Your bags are packed and you’re standing in the lobby, waiting for the rest of your group.  It’s hot outside, and you’re glad to be in the shade watching the world through a plate glass window.  Then, across the parking lot, you see a monk strolling beneath an umbrella, carrying an alms bowl.  He’s in his saffron robe, of course, and holds a fold of it above his knee so that he doesn’t trip as his sandals scrape over the melting asphalt.
You’ve seen monks collecting alms before.  In Phnom Penh, you could sit in your hotel over breakfast and watch as a stream of monks curved up the road, each one stopping, slightly stooped beneath his umbrella, at the same house.  Every time this happened, a motherly looking woman in a flowered blouse would emerge, a few riel in hand, bowing deeply before the monk as she hands him the money. 
You watch now as this particular monk pads across the steaming concrete in Sihanoukville.  He must be taking a shortcut, you think to yourself—surely monks don’t stop at hotels?  Surely a place of business doesn’t offer alms, too driven by profit, you think, too . . . soulless, maybe, is that the right word?  It’s corporate, after all, made up of a series of individual employees with their own lives, their own homes, their own alms to offer to the monks who come to their own doors.  Why would a business give money or food or gifts of any sort to soliciting monks, particularly when these monks trod the same path every day, making the same stops every day? 
So you expect to see this monk cut across the parking lot, bypassing the wide, covered entrance of the hotel. 
But no.  He stops just beyond the line where the front porch of the hotel would offer shade.  Standing there beneath his umbrella, his hands crossed along the rim of the coffer in which he makes his collections, he looks neither left nor right.  He just waits. 
And so do you. 
Nothing happens at first.  Two women stand behind the huge carved desk at the far side of the lobby, laughing at some joke the hotel manager just made.  A porter in a red and gold suit swishes by, rolling someone’s bag. 
Still the monk stands there. 
You consider, wondering who’s missing, who he might be pausing for.  A janitor, maybe, or the boy who hands out towels by the pool?
Then, finally, the door that leads to the dining room swings open and the concierge emerges.  He’s a big man, the concierge, especially for a Cambodian, his shoulders filling his dark uniform.  He has a face that seems to play at seriousness, as though he wants you to think he’s the epitome of professionalism when really you suspect he has a sly side, isn’t beyond making jokes in Khmer about the clientele, perhaps even when they’re standing right there, uncomprehending. 
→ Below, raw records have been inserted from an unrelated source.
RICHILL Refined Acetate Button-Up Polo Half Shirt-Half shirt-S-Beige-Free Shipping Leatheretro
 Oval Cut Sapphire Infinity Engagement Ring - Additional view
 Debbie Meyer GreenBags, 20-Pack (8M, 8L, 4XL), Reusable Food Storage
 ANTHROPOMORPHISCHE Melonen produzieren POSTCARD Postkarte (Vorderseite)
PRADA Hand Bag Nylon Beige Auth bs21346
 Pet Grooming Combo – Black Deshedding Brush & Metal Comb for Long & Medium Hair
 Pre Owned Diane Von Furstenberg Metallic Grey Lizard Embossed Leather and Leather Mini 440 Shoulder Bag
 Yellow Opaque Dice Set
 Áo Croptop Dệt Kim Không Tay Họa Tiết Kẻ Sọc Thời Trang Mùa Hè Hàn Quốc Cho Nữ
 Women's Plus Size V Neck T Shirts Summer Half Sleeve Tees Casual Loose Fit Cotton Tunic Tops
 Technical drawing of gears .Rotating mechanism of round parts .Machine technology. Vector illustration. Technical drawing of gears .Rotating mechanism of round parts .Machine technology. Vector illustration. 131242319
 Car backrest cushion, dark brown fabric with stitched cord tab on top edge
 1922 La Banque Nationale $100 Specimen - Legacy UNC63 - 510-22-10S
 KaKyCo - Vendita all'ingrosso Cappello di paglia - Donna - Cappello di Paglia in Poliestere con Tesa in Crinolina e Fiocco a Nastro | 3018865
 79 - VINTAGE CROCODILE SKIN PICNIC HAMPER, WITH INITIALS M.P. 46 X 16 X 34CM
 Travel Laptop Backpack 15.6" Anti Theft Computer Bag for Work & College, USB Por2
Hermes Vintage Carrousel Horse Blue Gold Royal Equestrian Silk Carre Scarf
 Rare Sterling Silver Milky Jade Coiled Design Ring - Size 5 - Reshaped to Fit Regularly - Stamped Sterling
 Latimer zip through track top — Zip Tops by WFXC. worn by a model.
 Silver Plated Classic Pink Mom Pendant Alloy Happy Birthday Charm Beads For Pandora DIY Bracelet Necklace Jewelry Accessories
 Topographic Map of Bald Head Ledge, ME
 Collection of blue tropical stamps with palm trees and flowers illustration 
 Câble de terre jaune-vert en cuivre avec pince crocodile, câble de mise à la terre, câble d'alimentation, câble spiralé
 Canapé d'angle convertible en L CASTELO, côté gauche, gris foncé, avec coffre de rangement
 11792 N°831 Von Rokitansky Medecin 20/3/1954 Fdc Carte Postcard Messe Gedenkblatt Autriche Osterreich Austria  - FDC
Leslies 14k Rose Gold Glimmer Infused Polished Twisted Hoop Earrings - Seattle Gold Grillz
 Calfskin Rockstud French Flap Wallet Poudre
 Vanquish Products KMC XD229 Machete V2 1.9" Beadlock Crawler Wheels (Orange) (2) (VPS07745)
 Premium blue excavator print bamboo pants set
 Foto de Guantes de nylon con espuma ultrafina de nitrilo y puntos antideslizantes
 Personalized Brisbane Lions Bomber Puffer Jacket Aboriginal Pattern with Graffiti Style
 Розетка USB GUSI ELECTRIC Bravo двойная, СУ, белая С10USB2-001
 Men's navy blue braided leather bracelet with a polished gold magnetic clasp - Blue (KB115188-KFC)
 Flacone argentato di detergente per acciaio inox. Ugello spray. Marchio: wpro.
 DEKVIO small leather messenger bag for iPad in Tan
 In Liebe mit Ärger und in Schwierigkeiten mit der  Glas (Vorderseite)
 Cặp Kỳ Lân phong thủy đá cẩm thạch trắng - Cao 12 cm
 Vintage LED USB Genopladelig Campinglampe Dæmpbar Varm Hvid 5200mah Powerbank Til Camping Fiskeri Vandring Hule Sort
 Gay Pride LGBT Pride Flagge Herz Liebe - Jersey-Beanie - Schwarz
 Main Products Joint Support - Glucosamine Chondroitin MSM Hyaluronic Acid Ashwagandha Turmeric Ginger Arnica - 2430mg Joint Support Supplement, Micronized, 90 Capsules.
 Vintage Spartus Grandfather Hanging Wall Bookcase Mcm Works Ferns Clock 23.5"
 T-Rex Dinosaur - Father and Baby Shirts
In his hands he carries two sandwiches wrapped in plastic.  His heels click as he strolls across the lobby and then out onto the tiles beneath the veranda.  Approaching the monk, he stops, bending at the waist until his head is low, the food offered in front of him. 
The monk puts one hand out, hovering over the thick hair of the concierge.  He begins a blessing, his voice low, melancholy, melodious in a subdued kind of way.  The concierge stays remains bent, his head at the waist of the monk.  The monk murmurs, words pouring over each other like stones in an ocean, solid and smooth and tossed by waves.  You listen.  You watch.
Then the prayer ends, the silence suddenly full again.  The monk accepts the food.  Placing the sandwiches in his bowl, he nods once and moves off into the heat, his umbrella bobbing above him, bleached by the sun.  The concierge remains bowed for half a moment or more, then rises, touching his coiffed hair lightly before straightening the lapels of his uniform.